For investors Houses have delivered stronger capital growth, but with higher entry costs. Units can still play a role — especially where yield, affordability, or lifestyle demand matter — but expectations should be realistic.


For buyers The house–unit price gap is now historically wide (around 2:1 in Sydney). Units are increasingly the primary entry point, while houses remain the premium long‑term asset.


Final takeaway

Over 35 years, Sydney property has proven to be a powerful long‑term store of real wealth.

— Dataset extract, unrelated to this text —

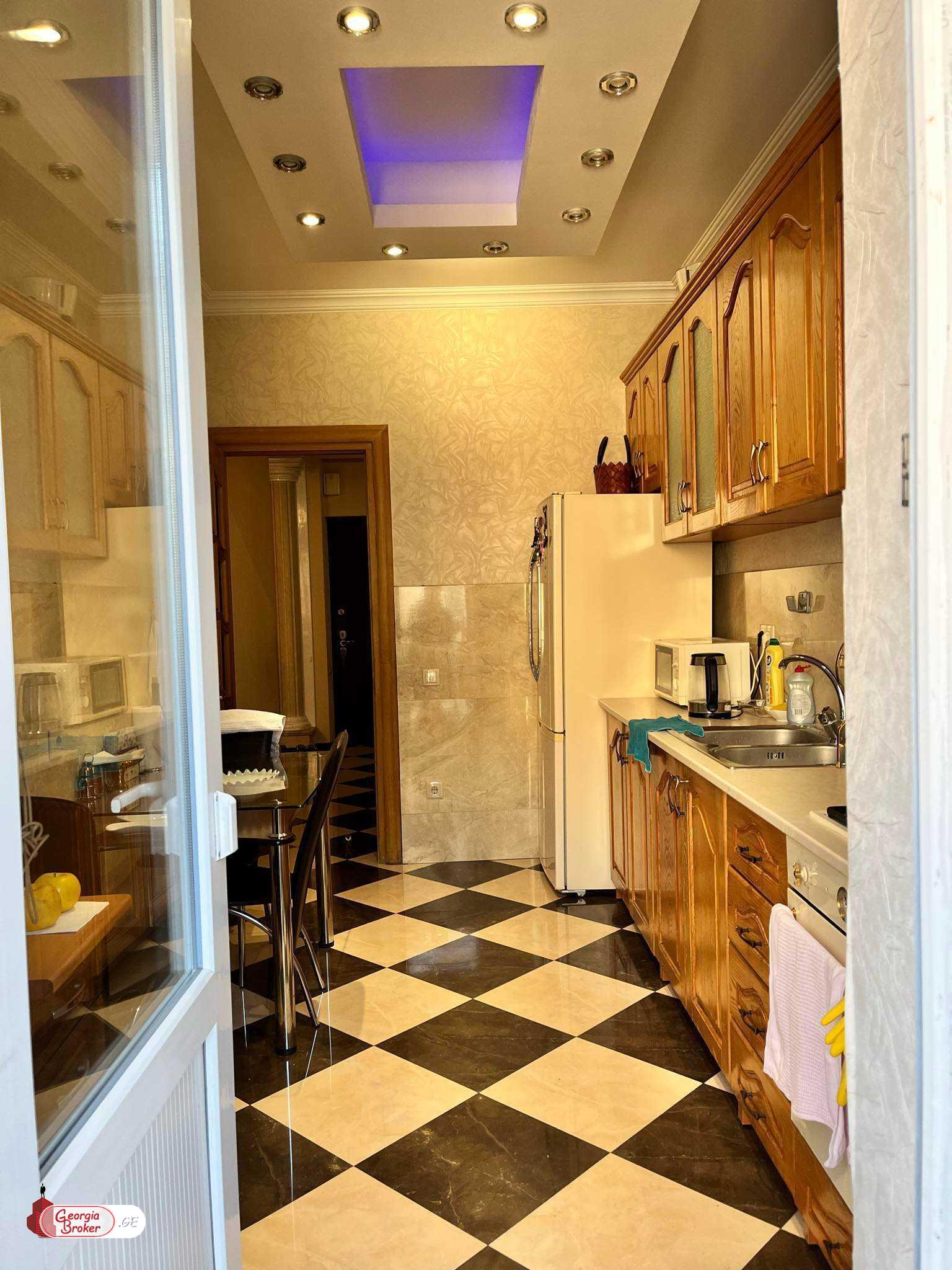 продается квартира с новым ремонтом 3-комнаты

  • Houses have consistently outperformed units over decades

  • Units remain relevant for affordability and access

  • Short‑term cycles matter — but time in the market dominates in the long run


For those making property decisions today, the lesson from history is not to chase the last boom, but to understand what has consistently created value in Sydney across multiple cycles — and align that insight with personal goals, risk tolerance, and affordability.

 

References

  • Abelson, P. & Joyeux, R. (2023). Housing Prices and Rents in Australia 1980–2023. Tax and Transfer Policy Institute, ANU.

  • Australian Bureau of Statistics (ABS). Total Value of Dwellings, Cat. 6432.

  • Australian Bureau of Statistics (ABS). Consumer Price Index.

  • Domain. House Price Reports (September 2023, March 2024, September 2025).

  • CoreLogic housing market data (supplementary trend confirmation).